Jordan Spieth has been on a long vacation.
Notice you haven’t seen him play since the Ryder Cup matches.
It’s by design. Jordy needed an off-season and he created one for himself after having what most consider an “off-season” in 2016.
It didn’t look like it was going to be that way early in the year. He won the Tournament of Champions and there he was, primed and ready to win back-to-back Green Jackets at The Masters.
Spieth bolted into the lead and through 11 holes, looked like his was ready to turn on that marvelous Spieth Cruise Control.
Then came the par three 12th, perhaps the most famous short hole in American championship golf.
The hole is only 150-yards long. “You hope a lot on that hole,” four-time Masters champion Tiger Woods once admitted.
Spieth stood there and planned on hitting what he would call “a stock nine-iron” into the traditional Sunday pin placement on the right side of the green. Instead of a solid, slight fade, Spieth fanned it and to the horror of the huge crowd surrounding the tee, Spieth ball trickled down the bank and into Rae’s Creek.
No problem, with his short-game prowess, Spieth would get it up-and-down for bogey.
Then the train-wreck got worse.
Spieth laid the sod over a sand wedge and hit a second ball in the creek. He’d walk off the green with a triple-bogey seven and finish tied for second behind Danny Willett.
Spieth’s year went in the crapper despite a victory at The Colonial in Fort Worth, despite winning $5.538 million in 2016, we lost the Jordan Spieth of 2015, the Jordan Spieth that won the Masters, the U.S. Open, nearly won the British and was there at the PGA.
This past season we saw a Jordan Spieth who found more distance off the tee but lost his accuracy in the process.
You’d often see Spieth launching drives past the 300-yard mark but his driving accuracy dropped him to 123rd on the tour and his Greens-In-Regulation was even worse — 145th.

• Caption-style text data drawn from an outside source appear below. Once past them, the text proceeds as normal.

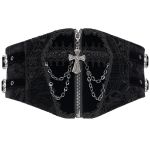 Males Black 'Elianor' Gothic Corset Belt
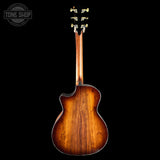 Full back of Taylor Next Generation PS14ce Sinker Redwood / Honduran Rosewood.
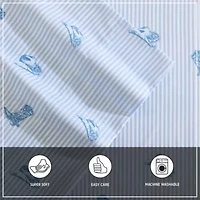 Cowboy Pinstripe Microfiber Sheet Set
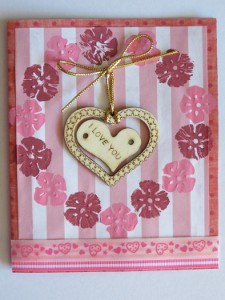 Heartfelt Valentine Wreath Card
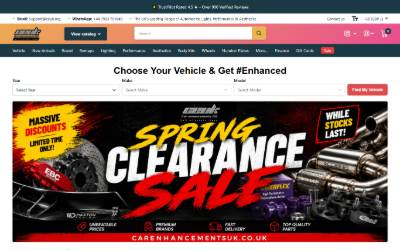 Website preview for Car Enhancements UK Ltd (CEUK)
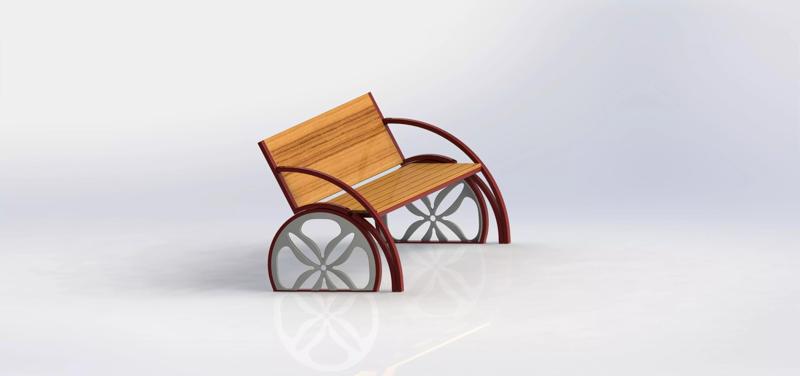 Foldig bench Steel Design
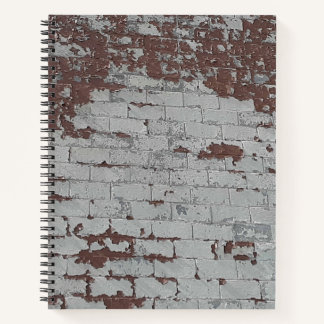 Thema "Urban Decay" - Alte Steine, Peeling Paint Notizbuch
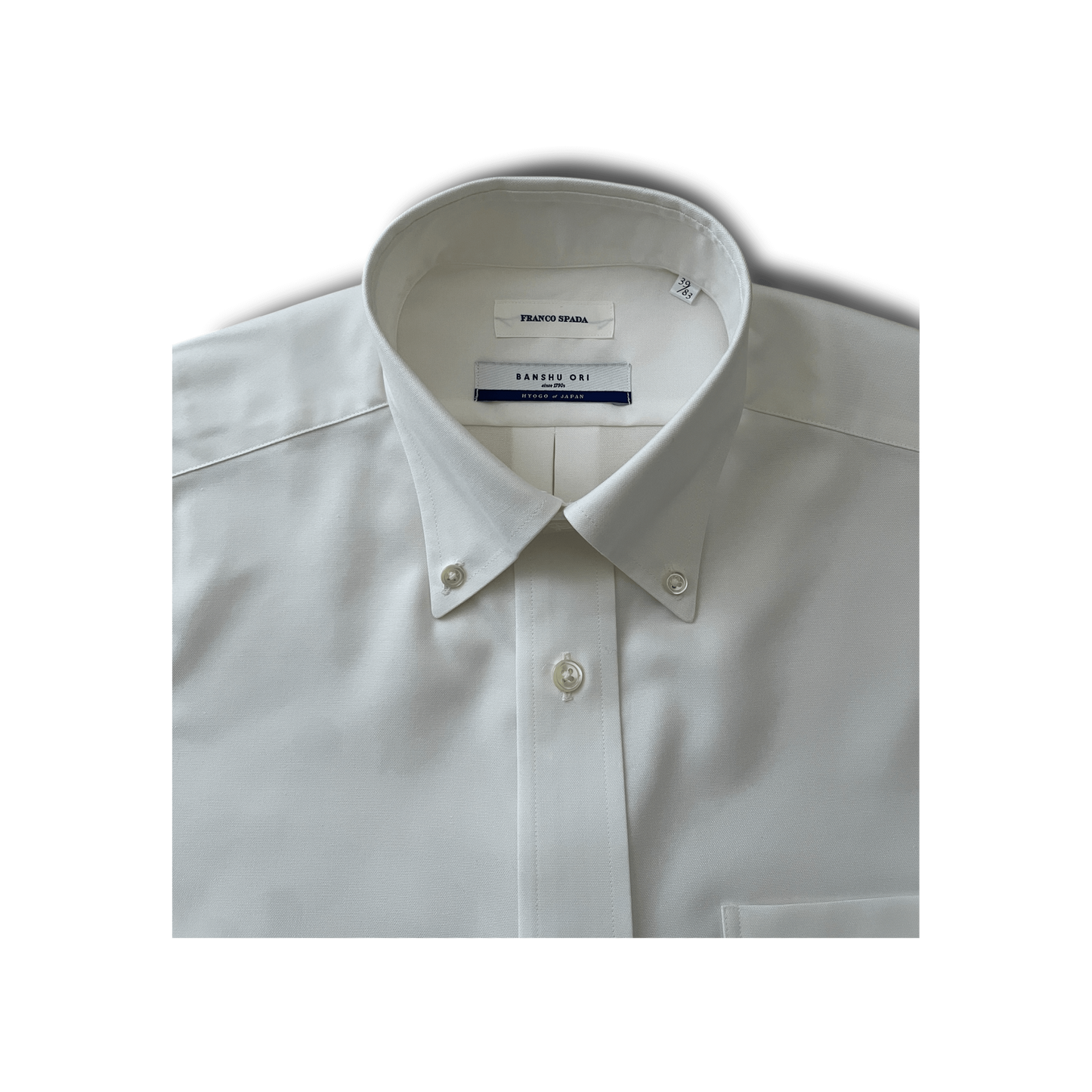 Franco Spada ( フランコスパダ ) 播州織  オックスフォード ボタンシャツシャツ　ホワイト
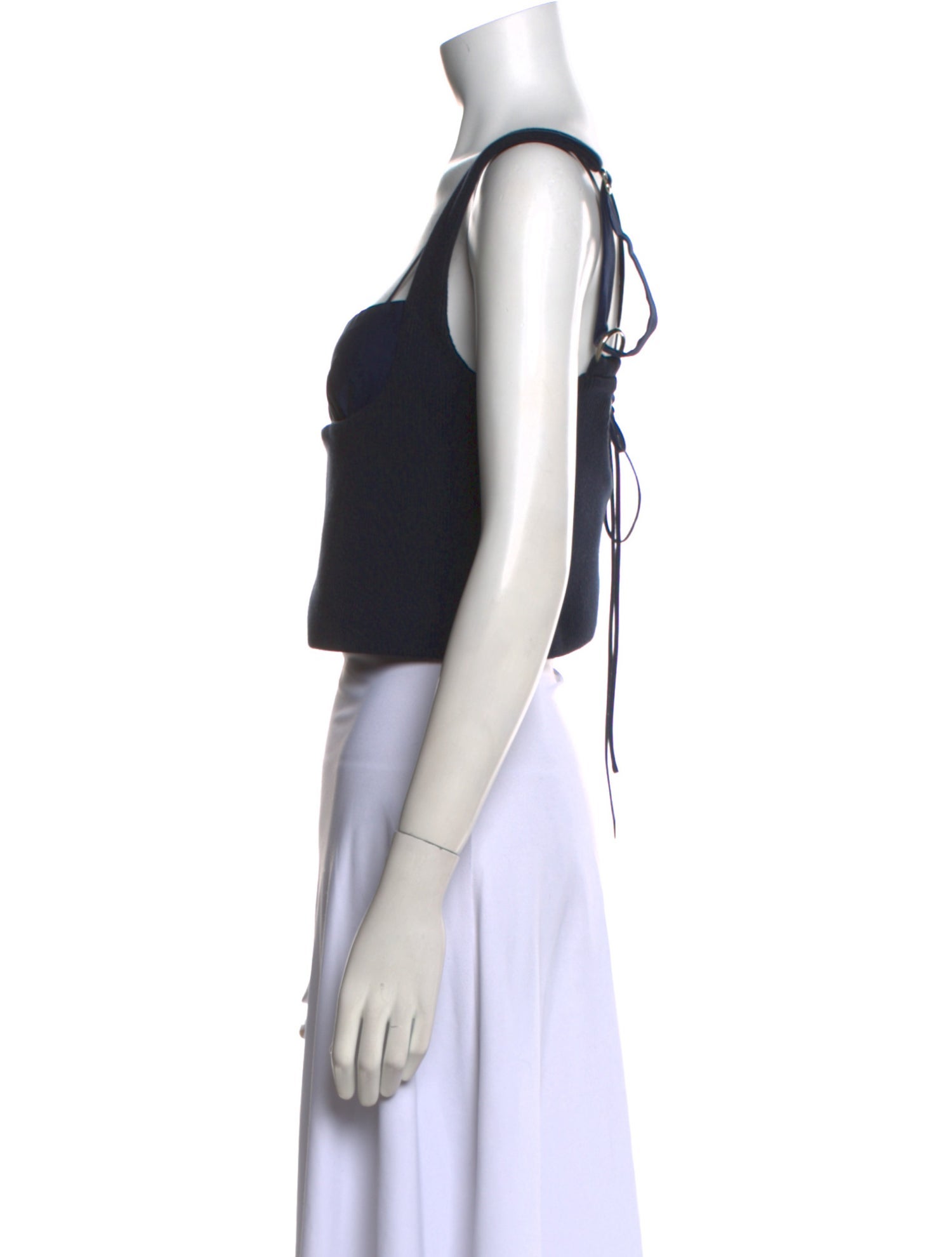 TAE PARK Square Neckline Sleeveless Crop Top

With stats like those, you’d expect a guy to finish outside the top 40 but Spieth’s marvelous putting stroke was still pretty marvelous most of the time, ranking him second on tour in putting.
But outside those wins in Hawaii and Fort Worth, he didn’t do much at all. In 21 events, he had a second and a third. After his Masters meltdown, he promptly missed the cut at the tour’s showcase event — The Players.
Spieth’s driver was finding the wrong zip codes and he was missing greens with short irons. He was a non-factor in the rest of the majors — T37 at the U.S. Open, T30 at the Open Championship and T13 at the PGA.
There was a rumor that he injured his right hand on Saturday at the Ryder Cup when he and teammate Patrick Reed got a little too fired-up with some hand slaps. Spieth didn’t look so hot on Sunday when he lost his singles match to Henrik Stenson — 3-and-2.
His long hiatus may lend some credence to the rumor.
Spieth will make his return in a few weeks in the Bahamas at Tiger Woods’ little gathering.
But he has had a long vacation for him.
Hopefully for Spieth, he can go back and figure out how to hit the golf ball straight again and how to keep it out of the water on No. 12 at Augusta.